Data Proposal
DATS 1001 — Research Project First Draft
Due:
October 28November 4, 2025
Overview
This is your initial step toward your group’s final report and poster presentation. Your goal is to explore potential data sources, understand their structure, and begin preparing to combine and analyze them.
You don’t need to conduct your full analysis yet — this stage is focused on data exploration, documentation, and planning.
Data analysis and data science are only as powerful as the data we have to work with.
Good data provides the foundation for insight and knowledge.
All stages of this project are meant to be worked on in a group. Before you begin, I encourage you to read over this page on working with a group.
Choose and explore your data.
Document your data sources and structure.
Answer the exploration questions provided below.
Submit a draft report to Gradescope (one submission per group).
How to get started
Each group will prepare one shared Quarto document named data-proposal.qmd.
You’ll work together in Posit Cloud and submit a both a .qmd and .pdf version (data-proposal.pdf) of that document to Gradescope.
Set up Posit Cloud
- Every group member should create a free account at posit.cloud.
- One person (the project lead) should create a New Space by clicking the option in the left bar. Name the space as you’d like and add your team members as members.
- Create a new Posit Cloud project.
- Inside the shared project, create a new Quarto file named
data-proposal.qmdand have it render as a pdf. Add your all member names under the author at the top of the document.
Your quarto document might start out looking similar to this:
---
title: "Data Proposal"
author:
- Sarah Cassie Burnett
- Johnny Pickles
format: pdf
---Render to PDF in Posit Cloud
- Open your
data-proposal.qmdfile in the shared project.
- In the top toolbar, click the Render button (blue “Render” icon).
- Wait for rendering to finish — a new file named something like
data-proposal.pdfwill appear in the Files pane on the right.
- Click the gear with More to find Export… and Download it to save the PDF to your computer as
data-proposal.pdf.
- Upload the PDF to Gradescope — only one group member should submit.
Before submitting
- The PDF includes your group number and names.
- All plots, tables, and text appear correctly.
- The file name follows this format:
data-proposal.pdf.
- Submit one copy per group to Gradescope.
1. Find at least three datasets
- Ideally, each dataset should have ≥ 1,000 rows (observations).
Take note of datasets you find, the variables you’re interested in using, and the number of observations, even if it has fewer than 1000. - Include overall ≥ 5 variables/columns of different types (continuous, categorical, date/time, etc.).
- Try to find at least two datasets should share one variable that can link them (e.g.,
country,year,state,id), or you should be able to create a key from existing variables.

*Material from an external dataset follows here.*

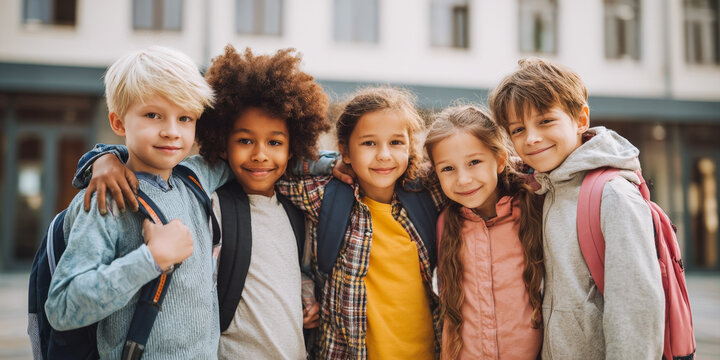 A group of happy, diverse elementary school children with backpacks stand close together, smiling at the camera outdoors. This image celebrates friendship, diversity, and the joy of going to school - Powered by Adobe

Here’s some links to datasets.
2. Document your datasets
Create a small data dictionary for each dataset:
| Variable | Type | Description | Units / Example |
|---|---|---|---|
| country | categorical | Country name | "United States" |
| year | integer | Year of observation | 2022 |
| gdp_per_capita | continuous | GDP per person | 65342.1 |
Also include:
- Dataset title and source URL
- Unit of observation (what does one row represent?)
- Time period covered
- Geographic scope (if applicable)
Use Google Sheets to collect this information together.
3. Assess data quality
Answer these questions as a group:
- What is the range of your data (min/max for each numeric variable)?

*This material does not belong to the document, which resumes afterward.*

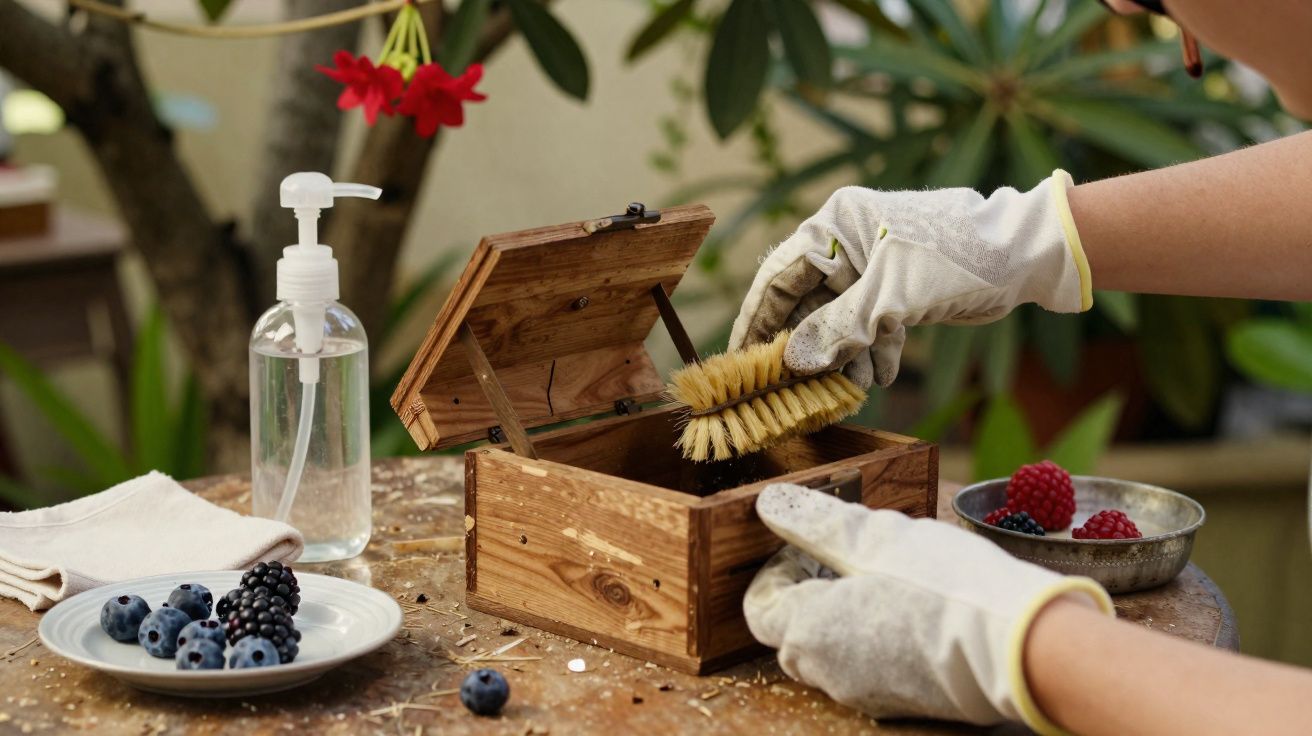 Mãos com luvas a limpar uma caixa de madeira com escova num ambiente de jardim com frutas e álcool gel.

- How many observations do you have for each variable?
- Do you have any missing or useless information (
NA,NaN,"unknown", etc.)?
- For variables with missing values, how many valid observations remain?
- Are there any duplicate rows?
- Are there variables that could have inconsistent or messy measurements (e.g., units, capitalization, categories)?

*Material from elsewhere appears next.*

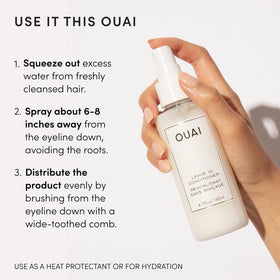 OUAI bottle next to a ruler showing the 4.7 oz size for travel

Then outline a brief cleaning plan: > How will you handle missing values? How will you standardize categories or units?
4. Merge plan
If you plan to combine datasets:
- Which variable(s) will you use to link them?
- What join will you use (e.g.,
left_join,inner_join)?
- If a key variable doesn’t exist, how could you construct one?
(For example: combinecountry+year.)
If you do not have any datasets you would merge, discuss:
- What other data would be useful to add, and why would it help your analysis?
- Can you make a new variable from your existing data to stand in for something you don’t have?
- How can you tell if your current dataset already gives you enough information to answer your question?
5. Early visual exploration
Create at least one simple summary visualization.
For example:
- Histogram or boxplot for continuous variables
- Bar chart for categorical variables
- Scatter plot for potential relationships
Add short captions describing what the plot shows.
6. Research questions
Each group member should write five questions they’re curious about based on the data.
Together, choose 3–5 that feel most promising for your eventual project.
7. Group logistics
- Assign roles (data leads, cleaning, documentation, visualization).
- Decide where you’ll store data and work together (GitHub, Google Drive, Posit Cloud, etc.).
- Summarize your plan in a short Markdown or Quarto file (
data-proposal.qmd) and render it as a pdf (data-proposal.pdf). Submit the pdf to Gradescope.